The state government uses tax credits as currency to entice private sector development. So, not surprisingly, some private-sector entities also use them as currency.
Tax credits are controversial because they are not universal. Governors and the General Assembly award them to some favored projects, often citing optimistic economic development projections to the exclusion of everything else.
Perhaps the prime example is the new Shell petrochemical refinery in Beaver County. The state authorized $1.7 billion in tax credits for the $6 billion project. The state Department of Environmental Protection has cited it for multiple air pollution violations in less than a year.
The film production tax credit also is controversial.

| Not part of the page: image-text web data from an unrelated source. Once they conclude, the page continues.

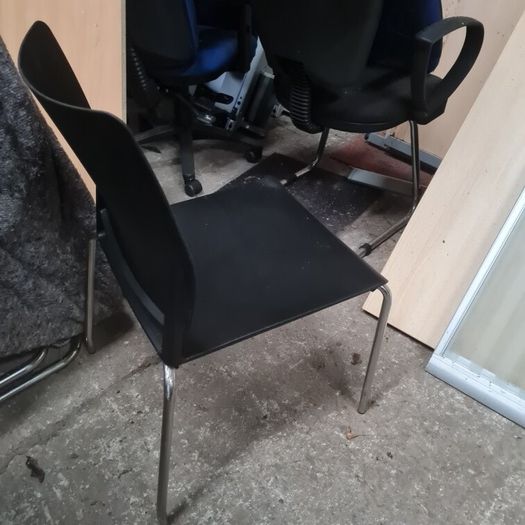 8 x Black canteen/cafe chairs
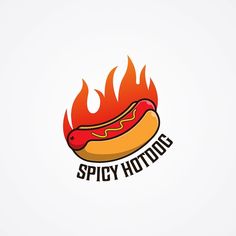 a hot dog on fire with the words spicy hotdog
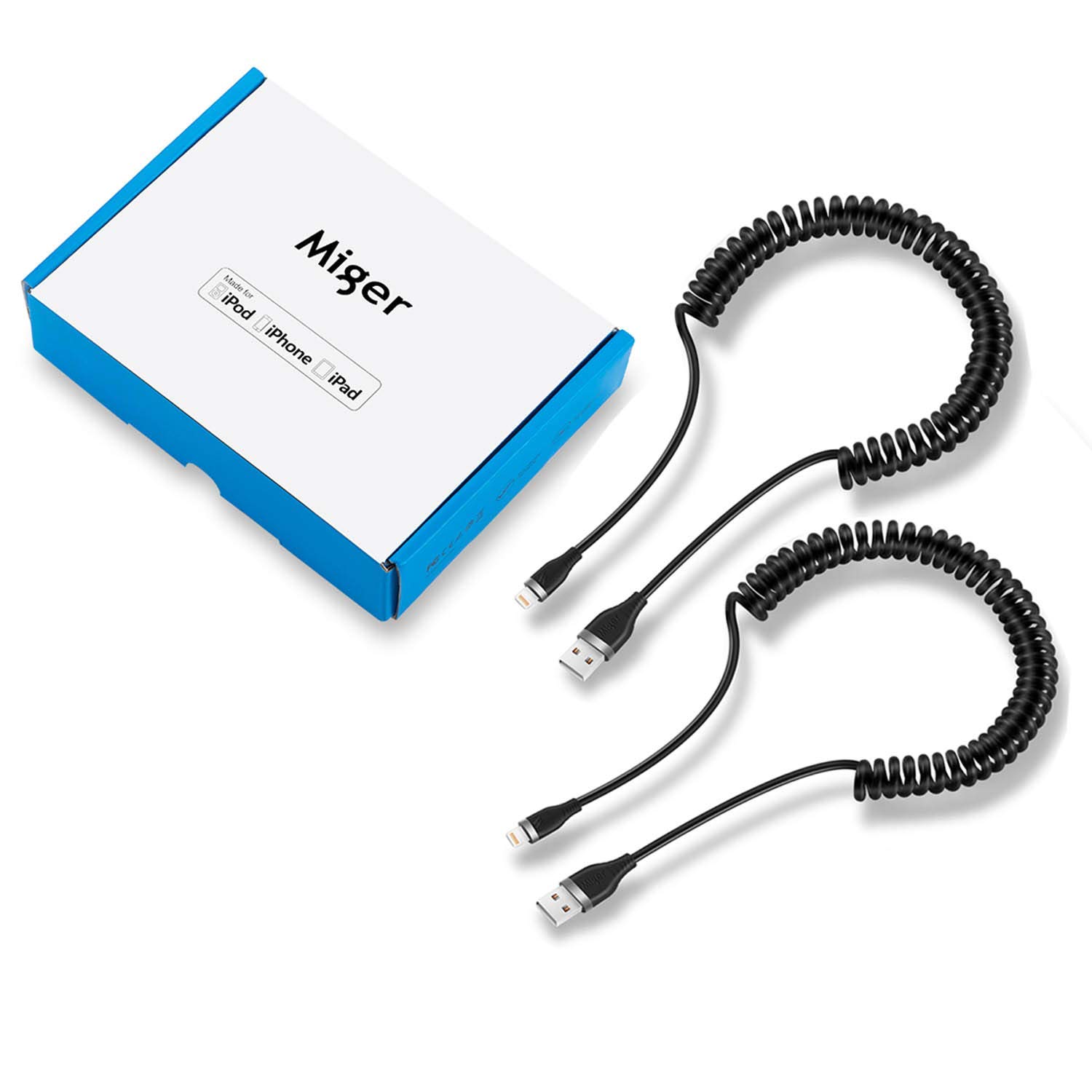 Miger Cable Lightning en espiral, cable de carga para iPhone de 4 pies para automóvil, paquete de 2 cables Lightning de 4 pies con certificación MFi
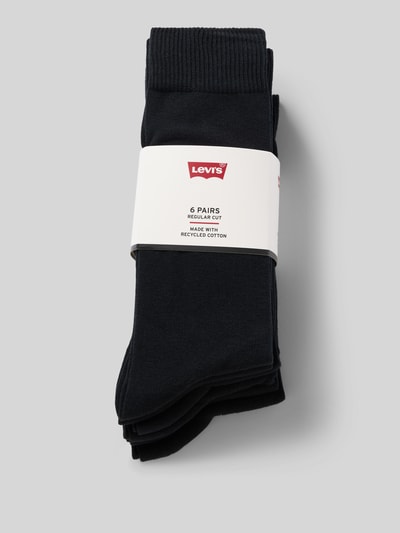 Produktfoto, schwarze Socken aus Baumwoll-Mix im 6er-Pack von Levi's®, schlichte Optik, glatte Textur, Herren Socken von Levi's®
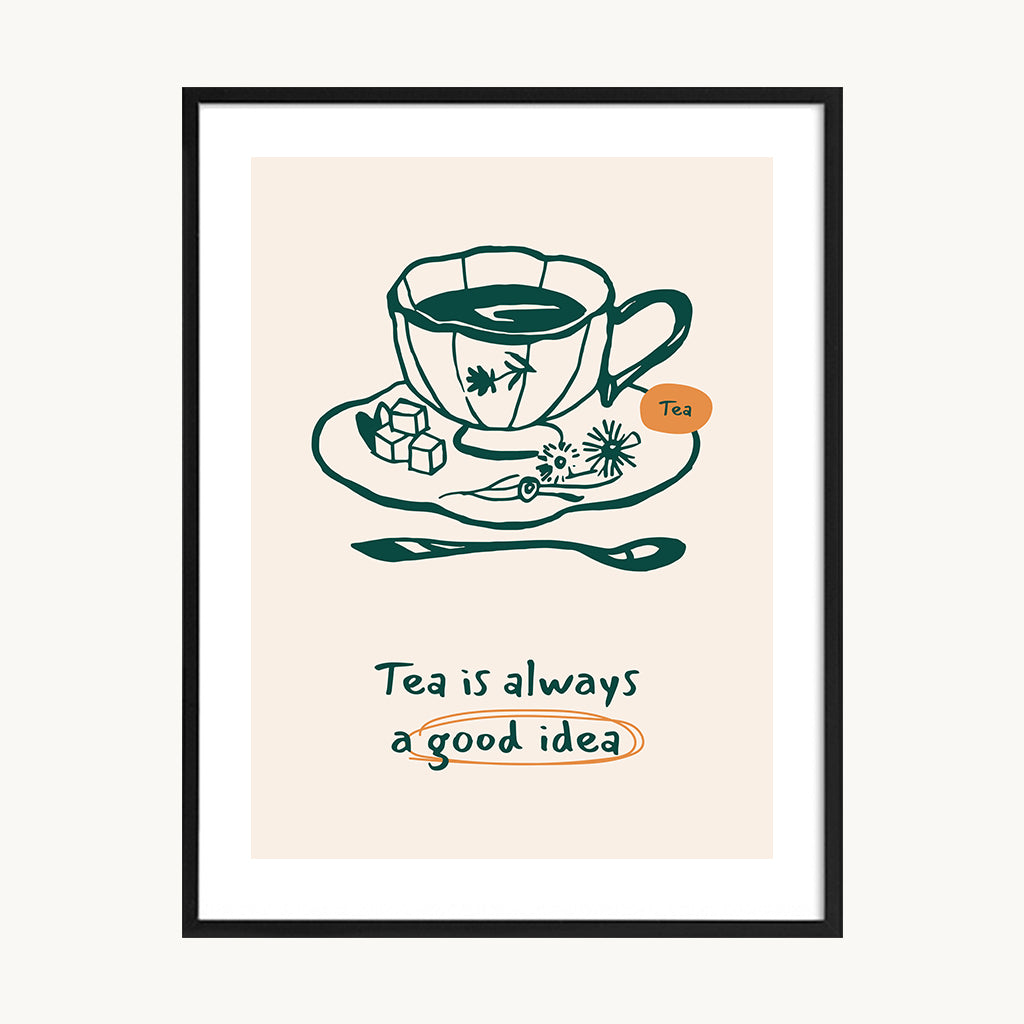 Cuadro Cocina Taza Café Retro Verde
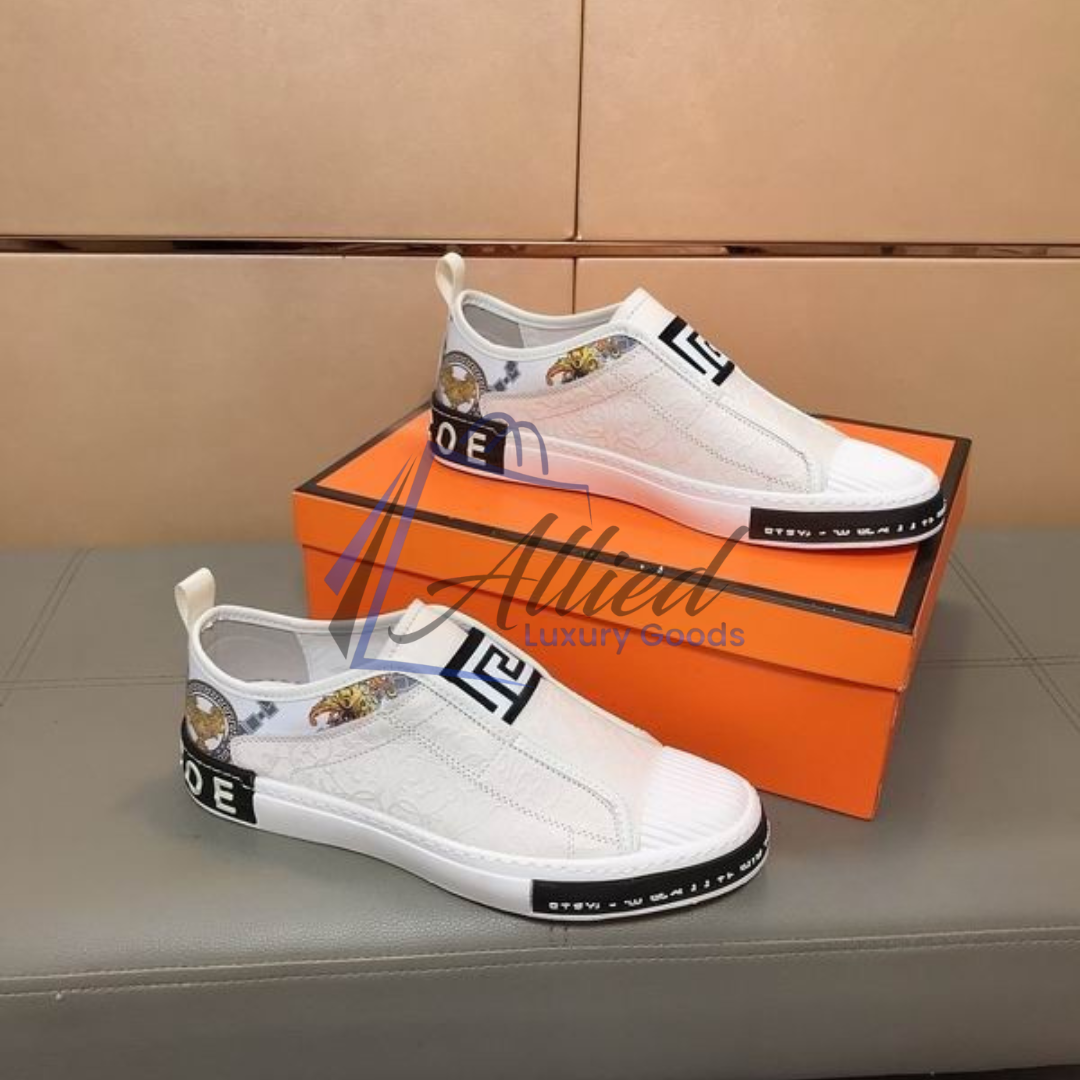 Versace-Inspired Medusa Slip-On Sneakers | Modern Baroque Streetwear Elegance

The current state budget includes a $30 million increase over the previous year, to $100 million.
It’s controversial in that many conservative lawmakers disdain the film industry as an organ of the political opposition. Likewise, most productions in Pennsylvania are shot in Democratic Pittsburgh and Philadelphia. And the credit’s benefits to the broader economy are temporary.
Within the industry, small producers complain that the majority of credits go to the biggest productions. Philadelphia-based director M. Night Shyamalan’s most recent film, “Knock at the Cabin,” received $5 million in credits, for example, and the HBO hit series “Mare of Easttown” received $26.5 million.
Using tax credits to grow the film industry is as legitimate as any other purpose. But the amount of the credit often exceeds the production company’s actual tax liability. State law, like those in most states, allows companies to sell tax credits that they don’t use, converting them to cash.
That can lead to fraud. In a scam that could lend itself to a movie plot, a Bucks County couple is on the lam in Hong Kong after allegedly defrauding the state of $11 million form the Keystone Innovation Zone and Research & Development tax credit programs.
Republican state Rep. Dawn Keefer of York County has introduced a bill that would preclude companies from selling tax credits, requiring them to use them for the designated purpose or lose them.
That’s reasonable. It might even result in more film production by making more credits available to more producers. The Legislature should adopt it.